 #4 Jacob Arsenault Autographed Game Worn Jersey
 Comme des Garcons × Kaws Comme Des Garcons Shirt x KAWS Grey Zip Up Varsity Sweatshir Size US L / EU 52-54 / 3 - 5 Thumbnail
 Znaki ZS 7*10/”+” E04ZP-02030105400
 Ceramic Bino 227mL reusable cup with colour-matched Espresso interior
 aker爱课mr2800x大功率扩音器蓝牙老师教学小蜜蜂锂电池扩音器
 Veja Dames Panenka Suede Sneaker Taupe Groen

________________________

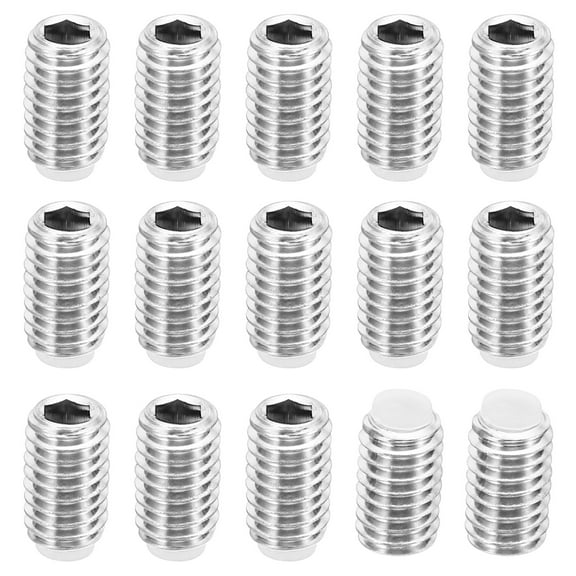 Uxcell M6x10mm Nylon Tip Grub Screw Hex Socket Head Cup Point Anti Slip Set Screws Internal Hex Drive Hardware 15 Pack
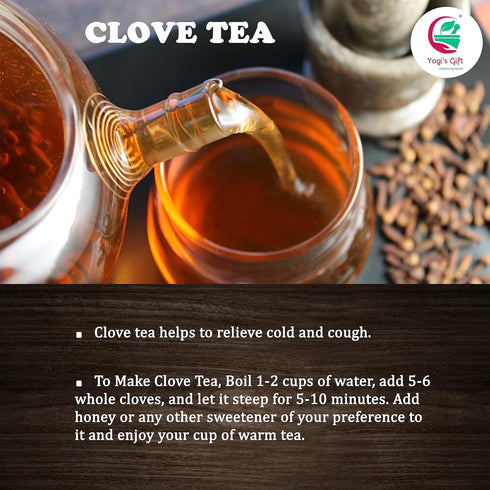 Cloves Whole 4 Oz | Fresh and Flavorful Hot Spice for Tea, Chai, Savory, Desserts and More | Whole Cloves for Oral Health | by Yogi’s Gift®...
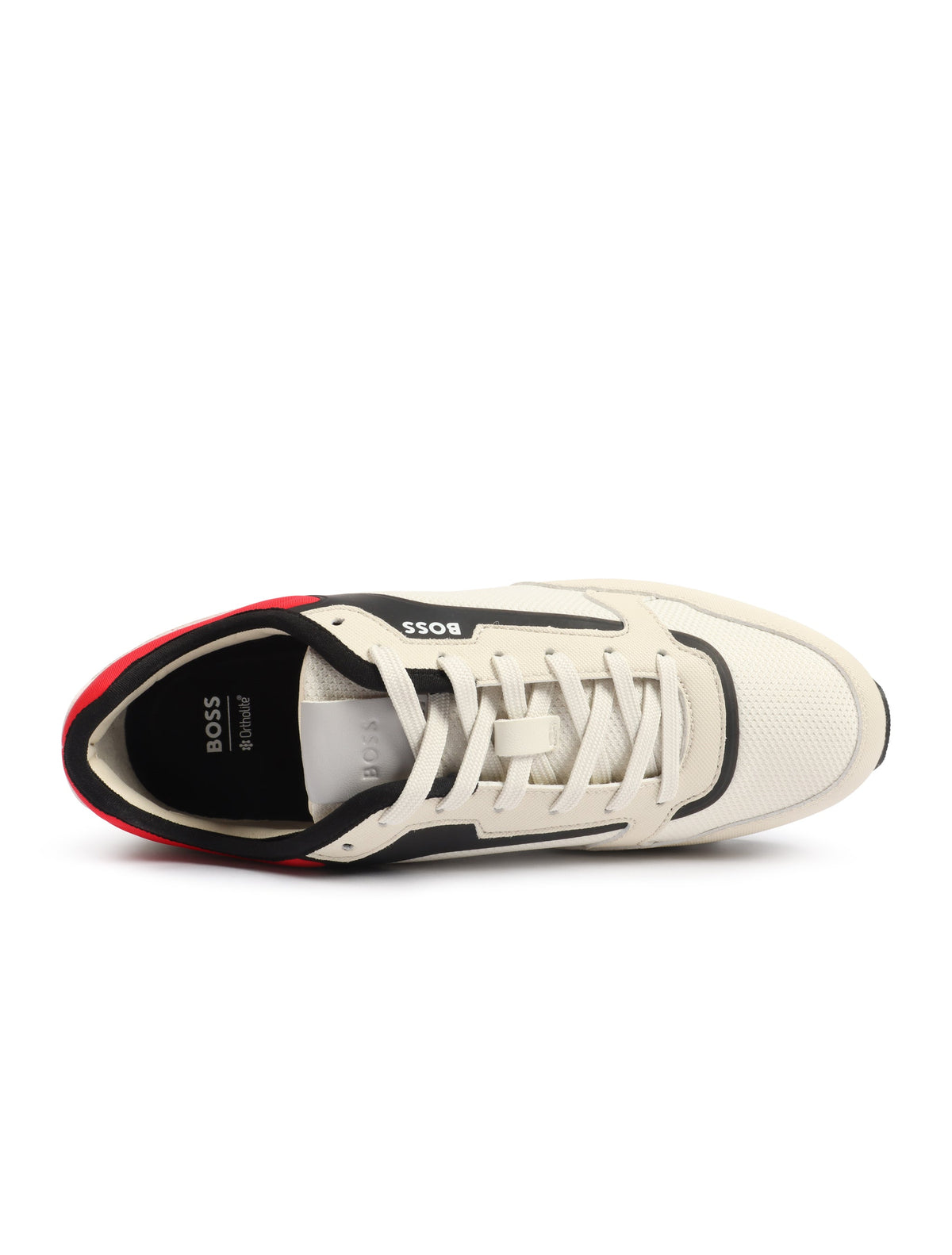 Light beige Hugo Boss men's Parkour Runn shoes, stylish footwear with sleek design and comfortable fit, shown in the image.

________________________

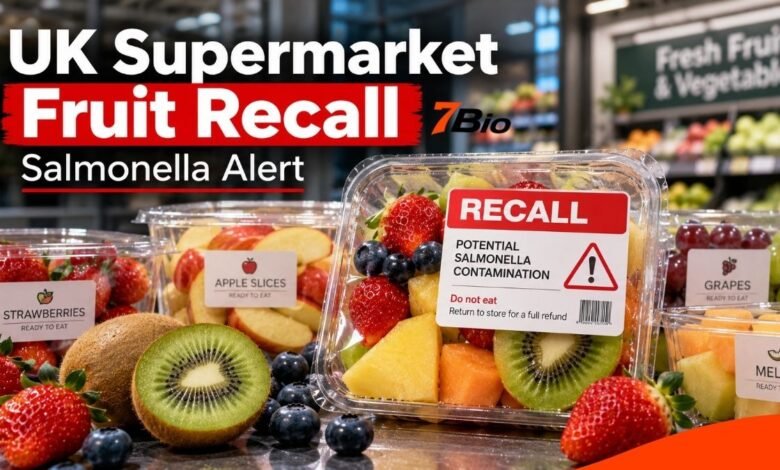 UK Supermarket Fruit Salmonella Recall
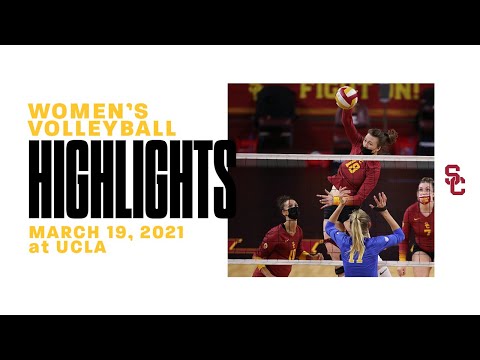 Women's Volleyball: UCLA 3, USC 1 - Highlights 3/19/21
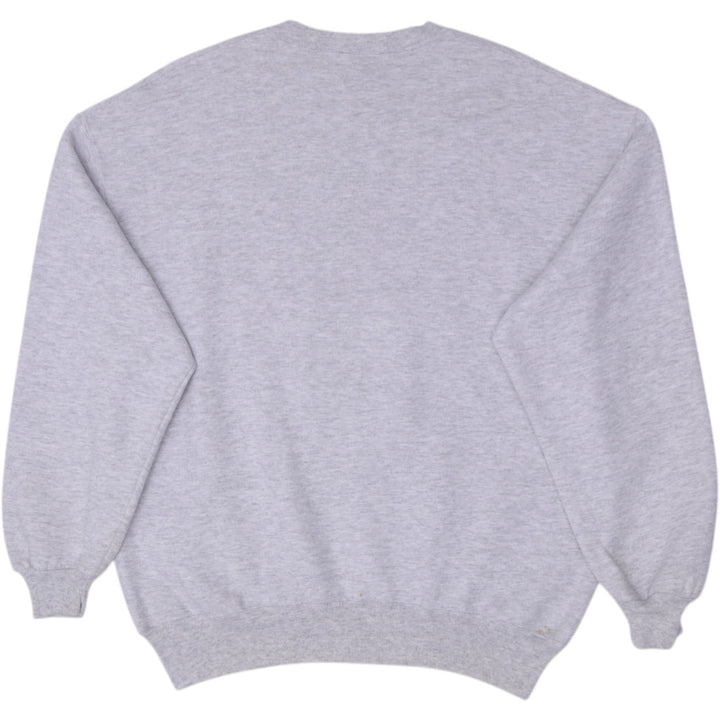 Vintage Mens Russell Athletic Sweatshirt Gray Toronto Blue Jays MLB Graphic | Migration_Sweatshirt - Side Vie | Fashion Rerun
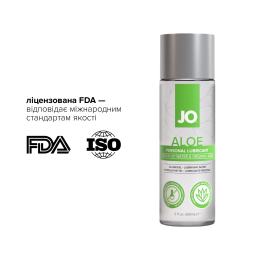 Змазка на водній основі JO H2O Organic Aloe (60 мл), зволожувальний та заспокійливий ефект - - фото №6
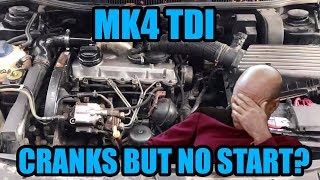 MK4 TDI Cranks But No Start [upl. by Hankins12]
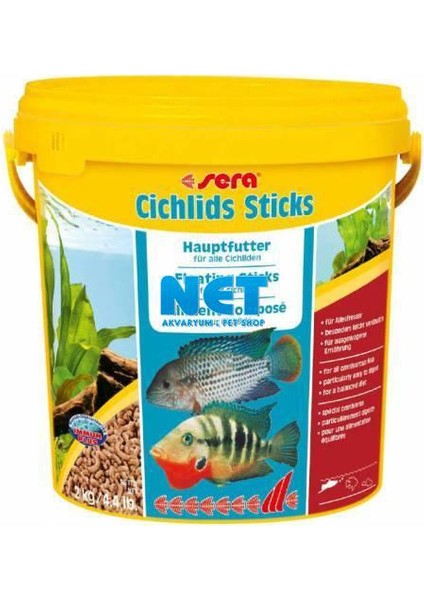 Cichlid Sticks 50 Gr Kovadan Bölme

________________________

- [Work request]:
What you return must match the lines above from the one with "Змазка на водній" through the one with "Cichlid Sticks 50 Gr Kovadan Bölme" exactly, with both ends included and the pictures excluded.

- [Your solution]:
 Змазка на водній основі JO H2O Organic Aloe (60 мл), зволожувальний та заспокійливий ефект - - фото №6
 MK4 TDI Cranks But No Start [upl. by Hankins12]
 Cichlid Sticks 50 Gr Kovadan Bölme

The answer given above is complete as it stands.